If you enjoy his music, then this is the place to come.

My R. Strauss collection (so far):

- Orchestral Works (9-CD set)
Orch: Dresden Staatskapelle
Cond: Rudolf Kempe
Label: EMI

- Symphonia Domestica (Hybrid SACD)
Orch: Chicago Symphony
Cond: F. Reiner
Label: RCA

- Don Quixote; Eulenspiegel: Merry Pranks (Karajan Gold Edition-Very Rare)
Orch: Berlin Philharmonic
Cond: Herbert von Karajan
Label: DG

- Zarathustra; Don Juan; 4 Last Songs, etc. (2-CD set)
Orch: Berlin Philharmonic
Cond: Herbert von Karajan
Label: DG

- Metamorphosen/Tod und Verklarung (Metamorphoses/Death and Transfiguration)
Orch: Berlin Philharmonic
Cond: Herbert von Karajan
Label: DG

-The Essential Richard Strauss (4-CD set)
Orch: Vienna Philharmonic
Cond: Andre Previn
Label: Telarc

-Sinfonia Domestica; Death and Transfiguration
Orch: Bavarian Radio Symphony
Cond: Lorin Maazel
Label: RCA

-Orchestral Works (7-CD set)
Orch: Zurich Tonhalle Orch.
Cond; David Zinman
Label; Arte Nova

-Ein Heldenleben; Wagner: Siegfried Idyll
Orch: Berlin Philharmonic
Cond: Herbert von Karajan
Label: DG

-Symphonic Poems, Vol. 1 (2-CD set)
Orch: Scottish National Orch.
Cond: Neeme Jarvi
Label: Chandos

-Symphonic Poems, Vol. 2 (2-CD set)
Orch: Scottish National Orch.
Cond: Neeme Jarvi
Label: Chandos

-Symphonic Poems, Vol. 3
Orch: Scottish National Orch.
Cond: Neeme Jarvi
Label: Chandos


----------



## BuddhaBandit (Dec 31, 2007)

I'm not a big fan of the Romantic era, but Strauss is one of my favorite composers. For me, his genius was in his masterful combination of long melodies (which give his music an emotional appeal) and short motifs (which give his music intellectual depth). As far as the orchestral works go, Ein Heldenleben and the Four Last Songs are my favorites.
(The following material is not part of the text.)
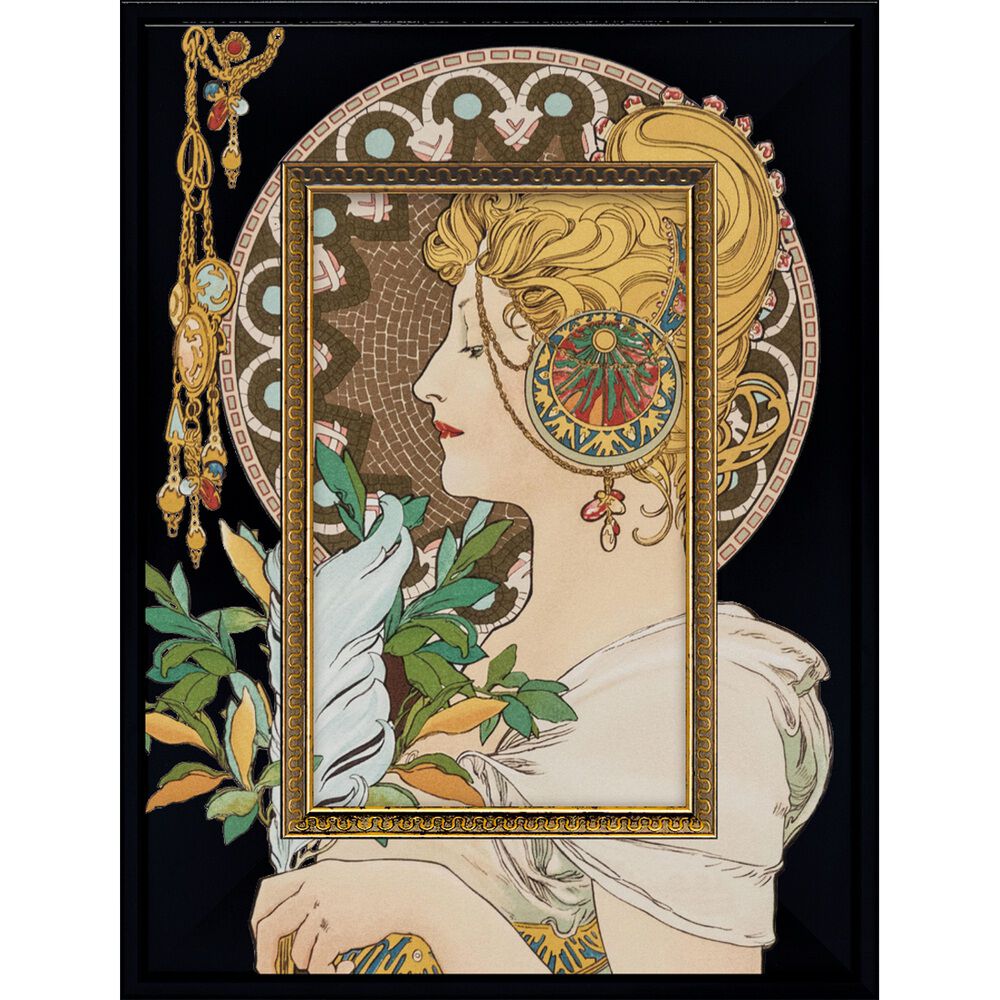 BACKYARD FAMILY「玄関 絵画 壁掛け 額入り 通販 BA-040 アートフレーム アートパネル アートボード」|その他|その他10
But I think it's impossible, MI, to appreciate Strauss without his operas. They far surpass the orchestral works both in their use of instrumental and vocal color and their metamorphosis of motifs. So I hope you give at least a couple of his operas a listen- Salomé and Ariadne Auf Naxos are my favorites.


----------



## Mirror Image (Apr 20, 2009)

BuddhaBandit said:


> I'm not a big fan of the Romantic era, but Strauss is one of my favorite composers. For me, his genius was in his masterful combination of long melodies (which give his music an emotional appeal) and short motifs (which give his music intellectual depth). As far as the orchestral works go, Ein Heldenleben and the Four Last Songs are my favorites.
> 
> But I think it's impossible, MI, to appreciate Strauss without his operas. They far surpass the orchestral works both in their use of instrumental and vocal color and their metamorphosis of motifs. So I hope you give at least a couple of his operas a listen- Salomé and Ariadne Auf Naxos are my favorites.


Yes, I agree Buddha. Strauss' music is fantastic and it's totally unique too. Nobody sounds like Strauss. I was actually listening to "Don Juan" today and just blown away by it. It's almost like I'm finally hearing everything that's beautiful about his music at last. I was a big fan of Strauss the moment I heard his "Oboe Concerto," which for me, is one of the finest concertos composed for the oboe in the repertoire. But I haven't been disappointed in any piece I've heard by Strauss and I've most of them with the exception of the operas and chamber works.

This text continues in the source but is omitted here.